A minha experiência profissional tem-se repartido entre a academia, bancos centrais e instituições europeias e internacionais. Por isso, tento estar sempre atento a questões que os decisores de política consideram relevantes e atuais. O meu gosto pela Macroeconomia começa com a professora Dolores Cabral, antiga docente da EEG e que foi minha professora na licenciatura em Economia e orientadora da tese de mestrado. Nesta última, desenvolvi a minha aptidão para o estudo das interações entre a Economia e as Finanças e o comportamento dos mercados financeiros. Durante o doutoramento na LSE e sob a orientação dos professores Alexandeer Michaelides e Christian Julliard, expandi o meu interesse por aquelas interações e alicercei o gosto pelo trabalho em política económica.
 

"Gosto de saber que a minha investigação pode influenciar os decisores políticos"

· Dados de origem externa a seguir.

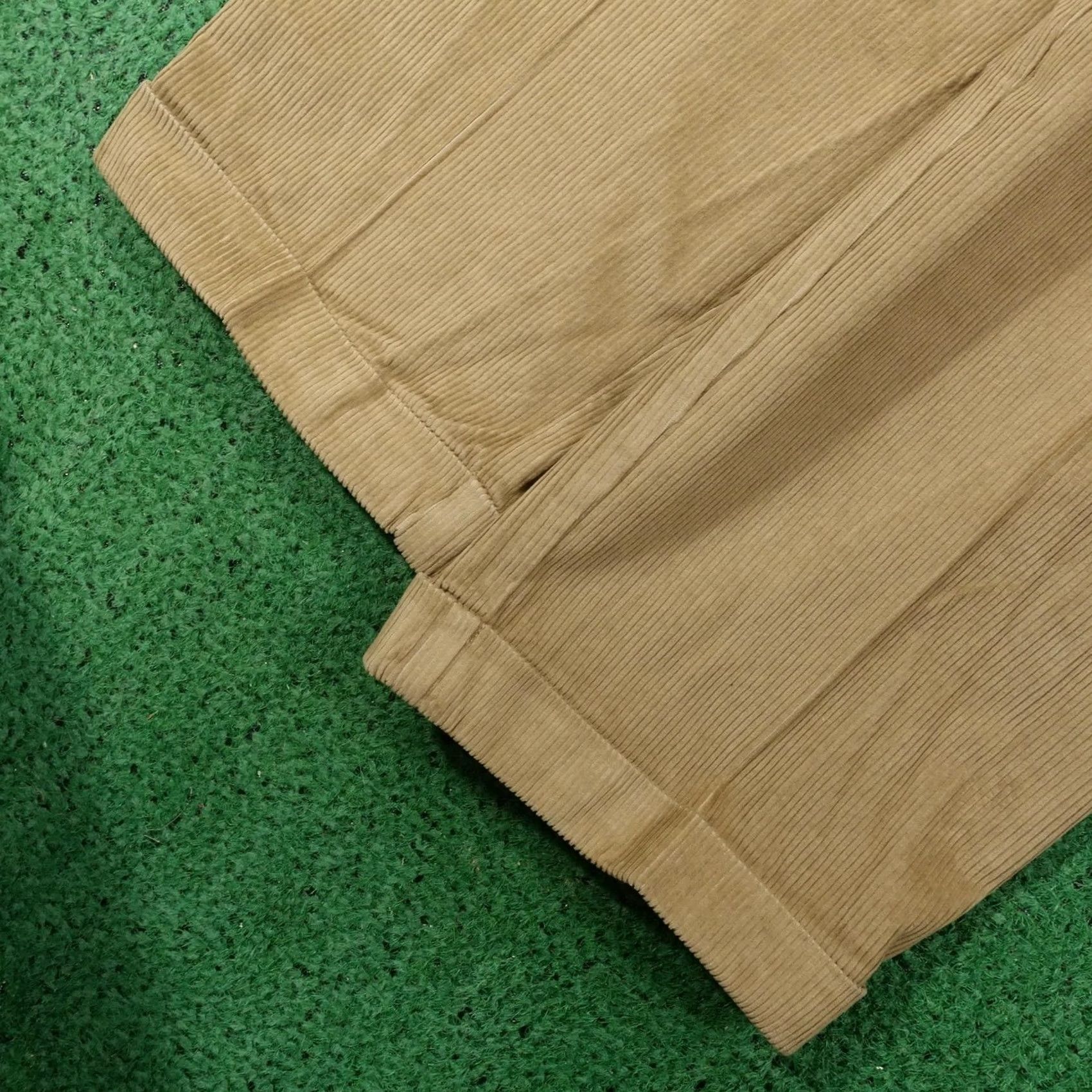 Cremieux Daniel Cremieux Classics Pants Mens 40x32 Beige Corduroy Pleated Cuffed Classic Tapered Dress Pants Size US 40 / EU 56 - 3 Thumbnail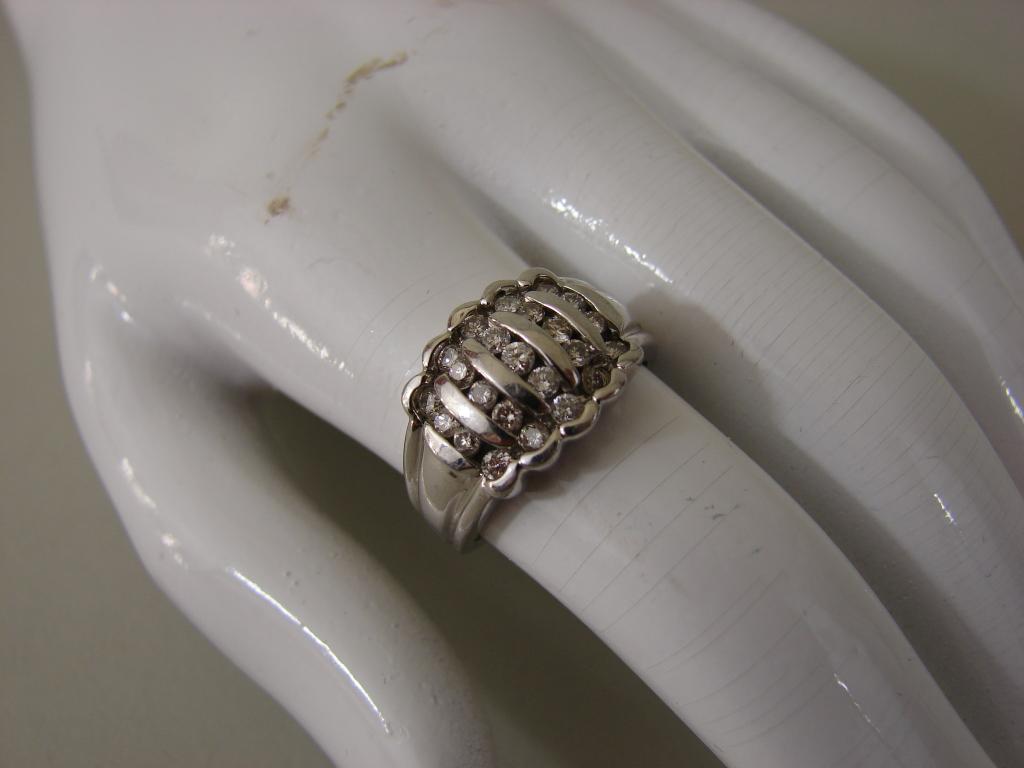 Ladies Platinum Ring, 23 Diamonds Sz8 (1 of 8)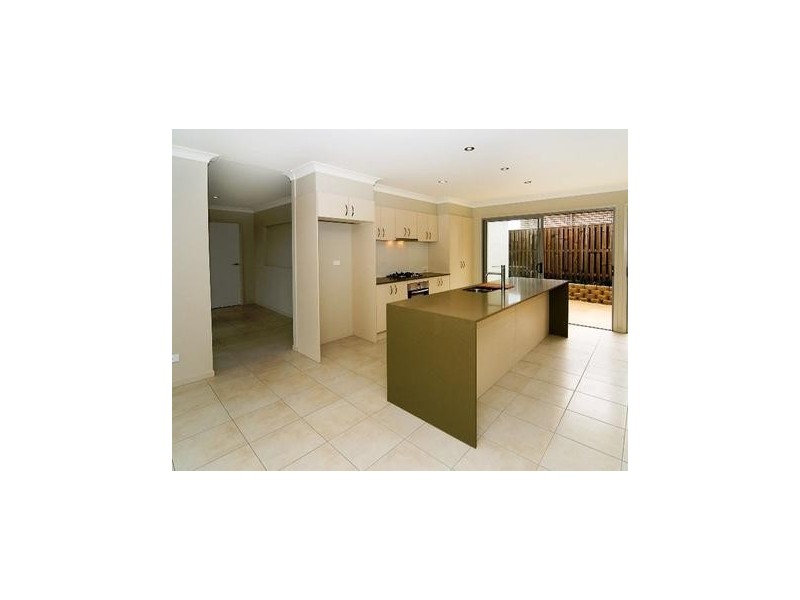1 Murphy Court, Redbank Plains QLD 4301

É a área em que se sente mais confortável a trabalhar?
Gosto muito de fazer investigação em várias áreas, de sentir que o meu trabalho é lido e referenciado em todo o mundo e de ver esse mérito ser reconhecido. Gosto, igualmente, de saber que a minha investigação tem impacto ao nível da política económica e pode influenciar os decisores políticos. Também tento transmitir o meu conhecimento junto de alunos, investigadores e decisores de política através de aulas, seminários e conferências. Sinto, igualmente, o dever de o fazer junto das pessoas (em particular, dos portugueses), ajudando-as do ponto de vista económico a compreender melhor o mundo que as rodeia, as oportunidades que este apresenta, mas também os constrangimentos que impõe.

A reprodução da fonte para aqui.